## [WHAT TO PRODUCE]
The records that follow are to be repeated exactly, with no pictures carried over.

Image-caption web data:

>>>

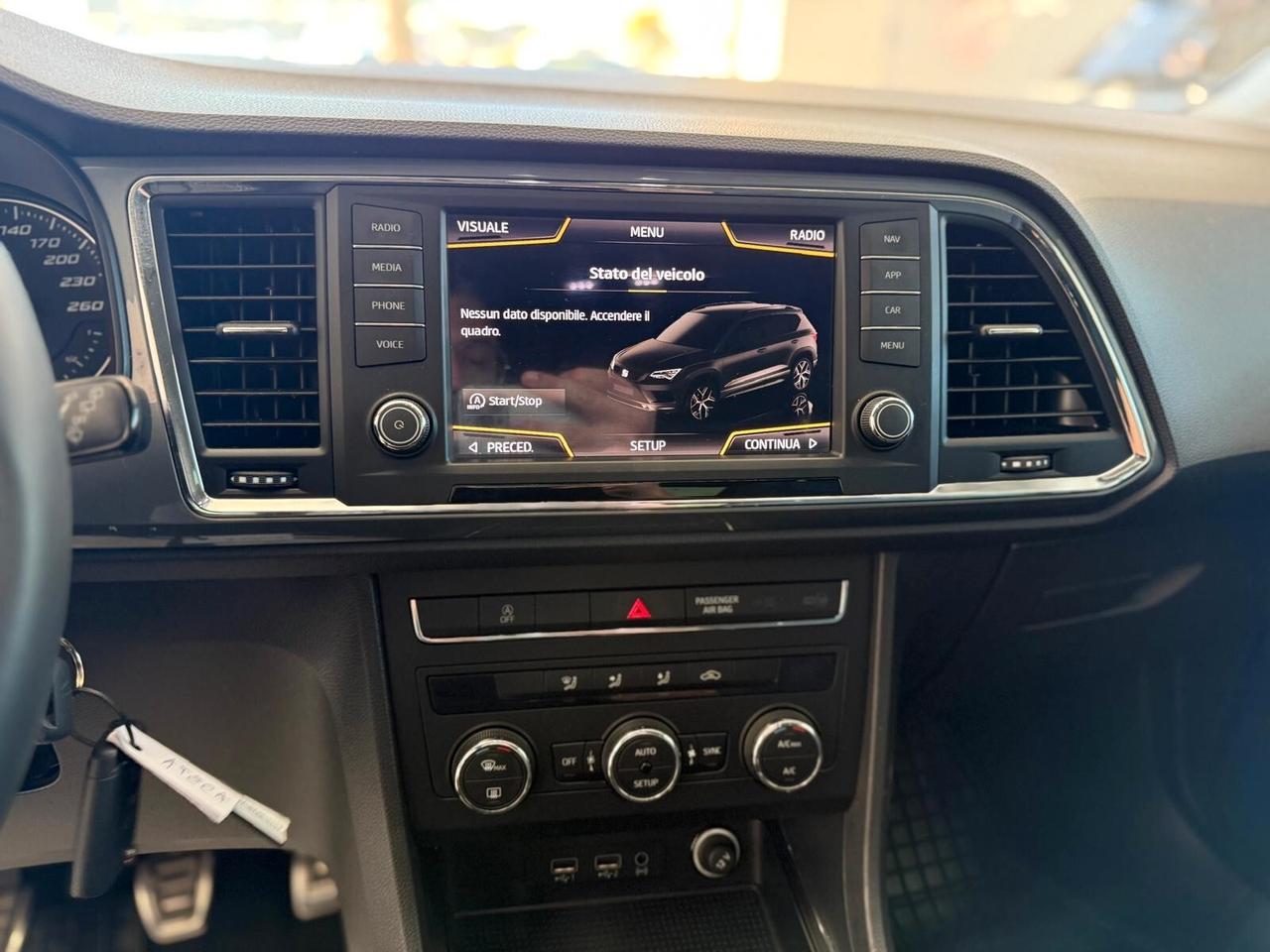 Seat Ateca 1.6 TDI X NEOPATENTATI 2017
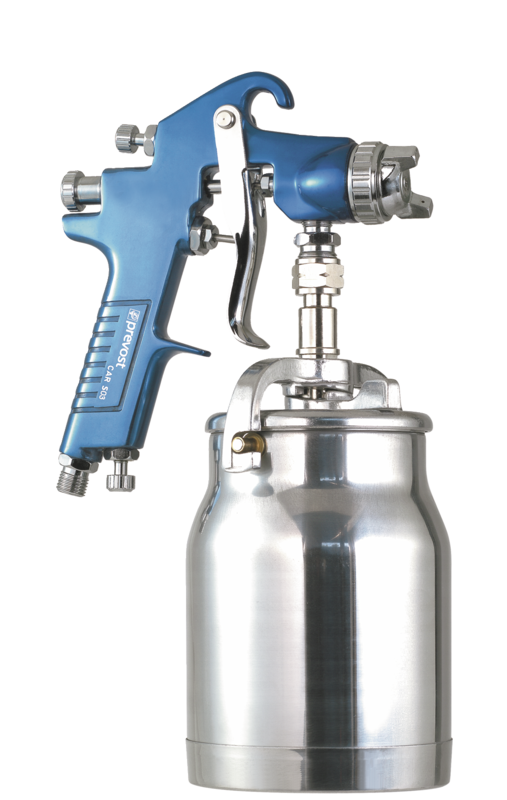 Pistolet de peinture par aspiration pour travaux techniques Ø buse 2 mm
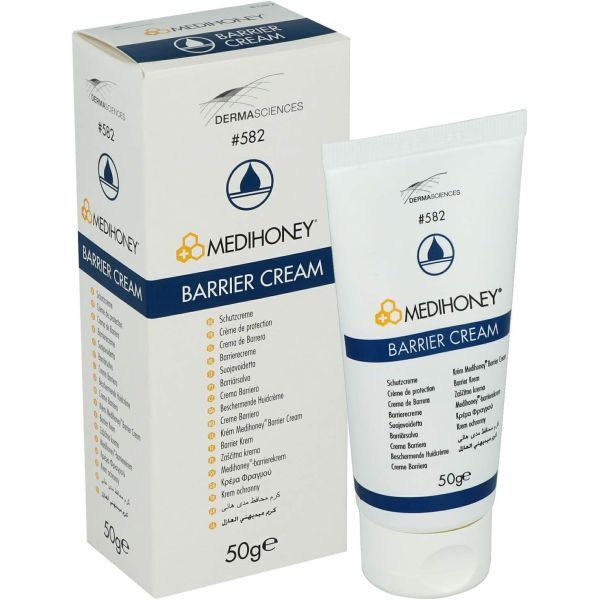 Medihoney Barrier Cream 50g Tube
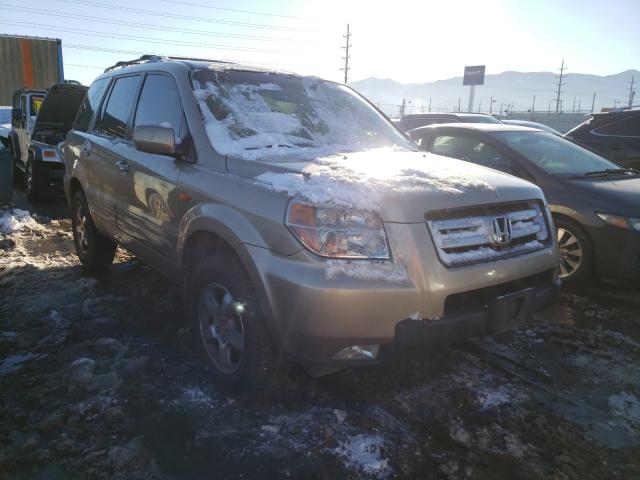 Photo 1 from auction – 2007 HONDA PILOT EXL with VIN 2HKYF18657H530560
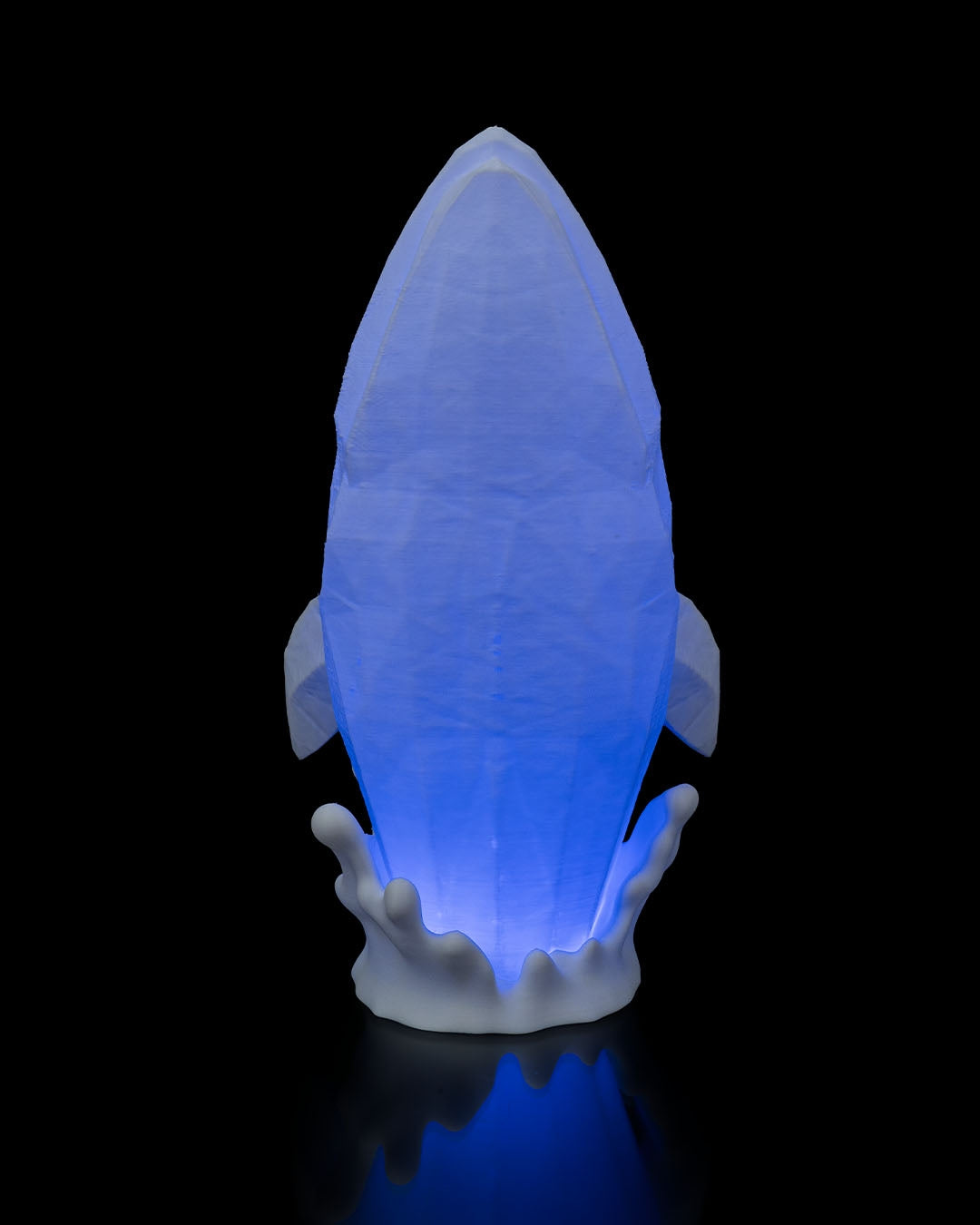 Night lights - Whale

<<<

## [SOLUTION TO THIS PROBLEM]
 Seat Ateca 1.6 TDI X NEOPATENTATI 2017
 Pistolet de peinture par aspiration pour travaux techniques Ø buse 2 mm
 Medihoney Barrier Cream 50g Tube
 Photo 1 from auction – 2007 HONDA PILOT EXL with VIN 2HKYF18657H530560
 Night lights - Whale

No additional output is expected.